-- DATA FOR THIS TASK follows --
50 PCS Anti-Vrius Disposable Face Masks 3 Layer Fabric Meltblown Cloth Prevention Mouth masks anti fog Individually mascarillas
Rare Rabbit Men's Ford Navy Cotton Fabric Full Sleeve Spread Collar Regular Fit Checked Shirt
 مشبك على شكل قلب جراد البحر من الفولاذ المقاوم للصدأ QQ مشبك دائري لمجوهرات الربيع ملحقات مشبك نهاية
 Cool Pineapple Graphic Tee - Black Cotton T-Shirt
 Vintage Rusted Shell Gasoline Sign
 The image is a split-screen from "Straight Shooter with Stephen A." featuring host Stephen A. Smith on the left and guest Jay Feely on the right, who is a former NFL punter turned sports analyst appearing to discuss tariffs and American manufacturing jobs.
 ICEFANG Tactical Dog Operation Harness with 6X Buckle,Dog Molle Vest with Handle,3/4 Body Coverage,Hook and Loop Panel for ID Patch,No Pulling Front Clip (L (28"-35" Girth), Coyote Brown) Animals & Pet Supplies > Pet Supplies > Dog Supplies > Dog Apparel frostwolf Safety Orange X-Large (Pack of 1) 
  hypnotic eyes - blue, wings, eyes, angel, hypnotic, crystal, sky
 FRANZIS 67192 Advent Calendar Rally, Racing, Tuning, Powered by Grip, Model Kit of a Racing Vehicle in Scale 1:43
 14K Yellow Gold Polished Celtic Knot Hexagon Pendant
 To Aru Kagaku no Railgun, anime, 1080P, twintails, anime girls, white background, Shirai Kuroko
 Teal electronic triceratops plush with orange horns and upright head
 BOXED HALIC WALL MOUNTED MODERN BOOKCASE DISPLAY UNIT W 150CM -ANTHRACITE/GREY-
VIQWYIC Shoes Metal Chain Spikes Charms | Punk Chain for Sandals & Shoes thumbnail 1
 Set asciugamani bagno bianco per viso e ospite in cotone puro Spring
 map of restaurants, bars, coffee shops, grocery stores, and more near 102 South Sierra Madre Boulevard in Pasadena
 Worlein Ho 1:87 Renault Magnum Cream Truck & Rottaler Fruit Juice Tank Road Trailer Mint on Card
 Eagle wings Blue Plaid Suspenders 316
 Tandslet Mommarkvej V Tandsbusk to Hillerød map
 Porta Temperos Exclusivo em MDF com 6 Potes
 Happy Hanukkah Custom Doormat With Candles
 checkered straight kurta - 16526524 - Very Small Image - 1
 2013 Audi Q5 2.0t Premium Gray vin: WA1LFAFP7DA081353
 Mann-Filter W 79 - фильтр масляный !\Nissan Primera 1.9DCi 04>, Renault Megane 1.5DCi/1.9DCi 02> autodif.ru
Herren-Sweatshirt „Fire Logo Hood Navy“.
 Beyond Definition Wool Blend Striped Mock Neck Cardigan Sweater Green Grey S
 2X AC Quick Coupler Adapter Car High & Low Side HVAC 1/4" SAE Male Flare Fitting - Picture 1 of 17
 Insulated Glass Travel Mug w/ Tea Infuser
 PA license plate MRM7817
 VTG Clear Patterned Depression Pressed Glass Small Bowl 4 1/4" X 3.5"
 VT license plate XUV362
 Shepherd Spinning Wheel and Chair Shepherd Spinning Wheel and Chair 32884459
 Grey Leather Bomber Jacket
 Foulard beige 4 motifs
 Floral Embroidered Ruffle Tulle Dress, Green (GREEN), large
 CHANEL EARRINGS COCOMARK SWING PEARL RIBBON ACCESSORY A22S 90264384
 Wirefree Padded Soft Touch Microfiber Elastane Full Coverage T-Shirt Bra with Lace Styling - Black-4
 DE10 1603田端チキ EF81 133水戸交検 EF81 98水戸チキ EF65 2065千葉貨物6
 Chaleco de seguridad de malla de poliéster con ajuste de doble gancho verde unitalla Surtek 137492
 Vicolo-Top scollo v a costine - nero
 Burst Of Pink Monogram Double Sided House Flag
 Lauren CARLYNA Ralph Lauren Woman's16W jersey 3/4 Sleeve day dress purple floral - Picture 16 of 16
-- DATA FOR THIS TASK concluded --
▶ WORK REQUEST: Return only the count of lines in the listing above that hold the string "Sleeve".

▶ SOLVED PROBLEM: 2